Para los antiguos nahuas no había elemento más sagrado que el Sol. El entendimiento del cosmos de los pueblos mesoamericanos, que se establecieron en el centro de México, radica en la dualidad entre la vida y la muerte como el principio de un orden que explicaba todas las cosas. El Sol moría en cada ocaso, día con día mientras se ocultaba por el poniente, sólo para renacer al día siguiente con toda su fuerza desde la dirección opuesta.
En su renovación diaria, el Astro Rey no caminaba solo. Desde la medianoche hasta el cenit, cuando se posaba exactamente encima de las cabezas de los mexicas, su lento andar era acompañado por el Ahuiteteo, espíritu de valientes guerreros que habían perecido en combate. Del mediodía en adelante, el Sol moribundo era guiado por diosas que habían mostrado coraje y decisión en una batalla, una apenas más importante que la disputa de los guerreros por el territorio o la dominación de una civilización, las Cihuateteo, mujeres divinizadas luego de morir en su primer parto.
El nacimiento ocupa un sitio preponderante en todas las culturas del mundo y para las civilizaciones prehispánicas no era la excepción. La conjunción entre vida y muerte, el instante en que un nuevo ser llega al mundo revistió un carácter sagrado para los mexicas. Luego de la asistencia de la tlamatlquiticitl (una partera que apoyaba a la madre durante todo el alumbramiento), se celebraba una ceremonia ritual; no obstante, si algo salía mal y la mujer que daba a luz fallecía en el intento, su figura adquiría un doble significado, tan respetado como temido en la cultura que se desarrolló en el Valle de México.
El cuerpo sin vida de las mujeres fallecidas en labor de parto era venerado a un grado divino y su valentía admirada por el grueso de la sociedad. Luego de la ceremonia fúnebre, los hombres más cercanos debían cuidar sus restos, asediados por los guerreros como amuletos por su valía.
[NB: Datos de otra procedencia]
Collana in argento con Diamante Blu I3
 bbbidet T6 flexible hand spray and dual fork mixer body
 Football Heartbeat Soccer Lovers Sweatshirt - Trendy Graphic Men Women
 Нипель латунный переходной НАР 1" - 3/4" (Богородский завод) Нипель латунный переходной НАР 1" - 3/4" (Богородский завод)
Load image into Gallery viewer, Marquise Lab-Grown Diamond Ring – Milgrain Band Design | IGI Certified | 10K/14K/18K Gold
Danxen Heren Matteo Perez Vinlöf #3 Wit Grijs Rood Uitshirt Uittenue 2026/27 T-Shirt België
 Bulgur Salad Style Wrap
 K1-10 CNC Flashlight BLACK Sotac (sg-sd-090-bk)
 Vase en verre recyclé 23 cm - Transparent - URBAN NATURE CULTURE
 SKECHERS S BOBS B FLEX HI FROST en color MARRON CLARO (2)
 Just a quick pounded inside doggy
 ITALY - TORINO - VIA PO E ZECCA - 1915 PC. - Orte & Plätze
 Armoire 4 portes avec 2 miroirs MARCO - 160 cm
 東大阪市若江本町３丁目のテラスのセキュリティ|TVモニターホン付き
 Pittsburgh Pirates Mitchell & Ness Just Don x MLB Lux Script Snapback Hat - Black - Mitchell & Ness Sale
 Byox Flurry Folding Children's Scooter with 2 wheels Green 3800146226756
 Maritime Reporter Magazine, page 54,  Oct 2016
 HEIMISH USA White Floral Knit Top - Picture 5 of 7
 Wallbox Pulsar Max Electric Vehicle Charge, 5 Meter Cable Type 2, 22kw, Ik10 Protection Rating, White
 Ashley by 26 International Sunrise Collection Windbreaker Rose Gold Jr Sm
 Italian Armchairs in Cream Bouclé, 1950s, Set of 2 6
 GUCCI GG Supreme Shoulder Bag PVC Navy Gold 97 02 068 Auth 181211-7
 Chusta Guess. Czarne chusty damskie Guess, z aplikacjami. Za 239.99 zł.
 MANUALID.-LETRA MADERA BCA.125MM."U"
Por un lado, las Cihuateteo se marchaban a vivir por la eternidad en Cincalco, la morada del maíz, para servir de guías al Sol cada atardecer y se convertían en objeto de adoración, directamente relacionadas con Cihuacóatl, diosa madre que formaba parte de las deidades conocidas como Tonantzin, madres creadoras.
Sin embargo, la adoración de las Cihuateteo también tenía un lado oscuro. Las diosas también eran portadoras de desgracias, infundiendo miedo y desolación en los vivos. Se creía que en ocasiones, estas deidades aparecían merodeando las encrucijadas y los caminos. En algunos códices e inscripciones antiguas, es común su representación con una calavera en la cabeza, garras en las extremidades y rodeadas de animales relacionados con la noche y la muerte.
Su aparición también formó parte esencial de los presagios funestos que, según la tradición nahua, se manifestaron en el Valle de México una década antes de la llegada de los españoles. La sexta señal, que da cuenta de una mujer que aparece en los caminos con un llanto quejoso, no sólo influenciada por los lamentos de Cihuacóatl, también por las Cihuateteo.
“En el signo llamado ce ozomatli decían (los mexicanos) que descendían las diosas llamadas Cihuateteo a la tierra, y dañaban a los niños y niñas hiriéndolos con perlesía (…) y los padres y las madres no dejaban salir a sus hijos fuera de casa, porque no se encontrasen con estas diosas de las cuales tenían gran temor”.
Con el paso del tiempo –especialmente en los años posteriores a la caída de México-Tenochitlán, la dualidad oscura de las Cihuateteo tomó influencia de las voces hispánicas y su naturaleza fue transfigurada en la de un ente maligno, tal y como los fantasmas europeos. Durante las primeras décadas de la época colonial, las deidades de las madres que fallecieron durante su primer parto no resistió a la influencia cristiana y su historia es un relato más que ayudó a consolidar la leyenda de la Llorona.
La inspiración material que dio origen al culto de las Cihuateteo pudo haber sido la alta tasa de mortalidad en las madres primerizas al momento del parto, razón suficiente para hacerles ganar un lugar especial en el panteón mexica. Al mismo tiempo, su dualidad aparece como una metáfora de la terrenalidad, la relación dialéctica entre la vida y la muerte y los momentos cumbres del nacimiento y el fallecimiento en la América Precolombina.